Fieberhaft werden weitere Umsatzfelder gesucht, am Spielfeldrand ist man fündig geworden. Gespräche mit einem Bundesligisten laufen angeblich. Vielleicht schon nach der Winterpause – zur Abspeckhauptsaison – soll es bei Heimspielen im Stadion Almased statt Bier zu kaufen geben. Klingt eigentlich gut: Weniger Randale und langfristig Platz für mehr Zuschauer. Nur die Ultras der Fanszene müssen noch überzeugt werden – Win-Win ist auf der Tribüne auch kein gängiges Denkmodell.
Im Kultusministerium dürfte die Überzeugungsarbeit leichter fallen: Die Schulküchen mit Almased auszustatten, sollte ein Kinderspiel sein – und bleiben. Almased-Maskottchen Christian Ulmen (der neue Rudolf Keil) war für seine Fake-Doku „Jonas“ schon einmal in die Schule zurückgekehrt. Kann er doch wieder machen. Noch besser: Er nimmt Laura Ludwig & Kira Walkenhorst mit. Das mit Olympiagold dekorierte Beachvolleyball-Team darf nämlich wieder für Almased werben – während der Spiele war das verboten. Wer weiß, wie sich die Zahlen des Herstellers sonst entwickelt hätten…
Aber im Ernst: Das Unternehmen aus Bienenbüttel hat in den ersten sechs Monaten im Vorjahresvergleich 42 Prozent eingebüßt. Den Platzhirsch hat es besonders hart erwischt, wiewohl der Markt insgesamt gelitten hat. Haben wir denn wirklich alle schon Idealmaße? Dann sollte Almased vielleicht vorübergehend umstellen und die Leute mit der Produktlinie „Prallmased“ erst wieder in Form bringen, will sagen: außer Form.
Gut in Form sieht Bionorica sein Zugpferd Sinupret. Zwar kommt mit Hexal ein Konkurrent, der dem Phytohersteller allen Respekt abnötigt mit seinem guten Vertriebsteam und der vollen Kriegskasse – der Newcomer ist rund 10 Prozent billiger als das Original. Doch Bionoricas Vertriebsleiter Dr. Jürgen Ott ist überzeugt, dass das höher konzentrierte Sinupret extract sich durchsetzen wird. Ansonsten bleibt immer noch, die Idee mit den Airlines zu kopieren. Oder in der Offizin die Sichtwahl mit beraten lassen.
Was man tunlichst nicht tun sollte: Den Kunden sich selbst beraten lassen. Klosterfrau hatte das mal versucht und OTC-Dummies in die Freiwahl gestellt. Dumme Idee, fanden die Gerichte, Leerpackungen beeinflussten die Kaufentscheidung zu stark oder zu früh oder beides. Vorübergehend wurde auf Beratungskarten umgestellt, jetzt wurde der Indikationstisch in den ersten Apotheken von Klosterfrau wieder geräumt. Soll aber erfolgreich gewesen sein.

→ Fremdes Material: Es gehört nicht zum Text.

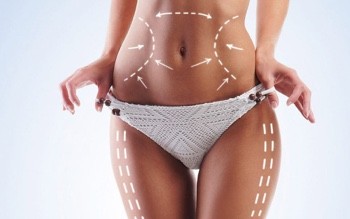10 things to know and 10 questions to ask for Liposuction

Als verpatzt gelten muss dagegen die versuchte Ablöse von Locabiosol (Fusafungin): Klosterfrau wollte mit Laryngomedin (Hexamidin) den Klassiker von Servier/Stada beerben. Probleme mit der Auslieferung der Direktbestellungen bei gut funktionierendem Bankeinzug sind eine schlechte Kombination.
Damit kennt sich auch die AOK Rheinland/Hamburg aus: Sie verlangt von den Apotheken ständig Beweise für offensichtlich nicht verfügbare Rabattarzneimittel. Die Krönung: Selbst als sich der Engpass bis zur Kasse gesprochen hatte, wollte diese den Ausfall nur mündlich bestätigen.
Ein anderer Apotheker hat den lokalen AOK-Chef direkt angeschrieben und um Tipps zum Umgang mit verschwiegenen Herstellern gebeten. Weil es offenbar leider ohne Druck nicht geht, hat er NRW-Gesundheitsministerin Barbara Steffens (Grüne) den Brief gleich in Kopie geschickt. Und siehe da: Plötzlich gab der Hersteller kleinlaut zu, dass derzeit keine Ware da ist. Wird die AOK deshalb bei anderen Apotheken auf Defektbelege verzichten? Was tippen Sie?
Und noch ein Ratespiel: Jemand, der nichts mit Apotheken zu tun hat, fordert eine radikale Liberalisierung des Apothekenmarktes. Er findet das Fremdbesitzverbot mittelalterlich, die Apothekenpflicht hysterisch und die Preisbindung kommunistisch. Frage: Was hat diese Person für einen Beruf?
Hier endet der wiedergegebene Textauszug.